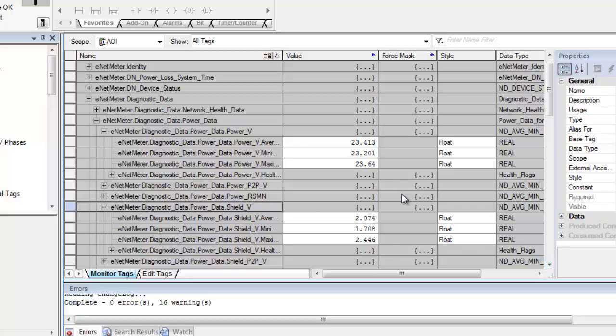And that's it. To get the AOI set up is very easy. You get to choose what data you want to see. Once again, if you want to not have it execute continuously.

* * *

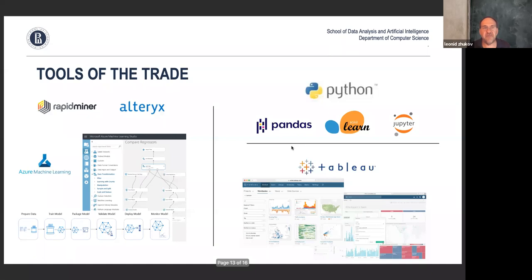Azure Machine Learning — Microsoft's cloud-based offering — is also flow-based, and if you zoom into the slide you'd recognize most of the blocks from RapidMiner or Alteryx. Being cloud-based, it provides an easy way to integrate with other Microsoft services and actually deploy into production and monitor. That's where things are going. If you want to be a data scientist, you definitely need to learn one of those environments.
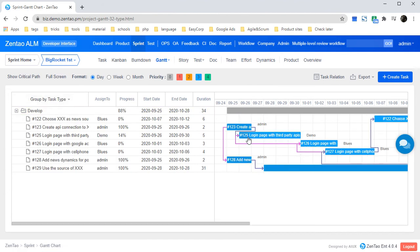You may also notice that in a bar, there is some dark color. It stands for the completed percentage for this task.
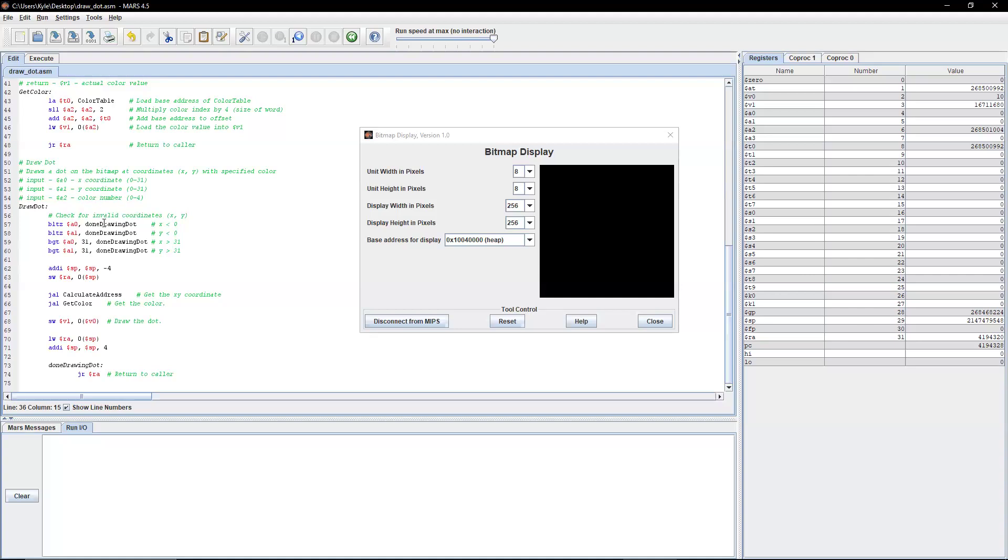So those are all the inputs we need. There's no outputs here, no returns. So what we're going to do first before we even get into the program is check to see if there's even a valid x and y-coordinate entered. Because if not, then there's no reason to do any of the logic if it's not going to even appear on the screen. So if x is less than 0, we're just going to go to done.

Exercise aim →
Go down the entries above from the line containing "You may also" to the line containing "So those are" and write out each line exactly, leaving pictures out.

Written solution →
You may also notice that in a bar, there is some dark color. It stands for the completed percentage for this task.
So those are all the inputs we need. There's no outputs here, no returns. So what we're going to do first before we even get into the program is check to see if there's even a valid x and y-coordinate entered. Because if not, then there's no reason to do any of the logic if it's not going to even appear on the screen. So if x is less than 0, we're just going to go to done.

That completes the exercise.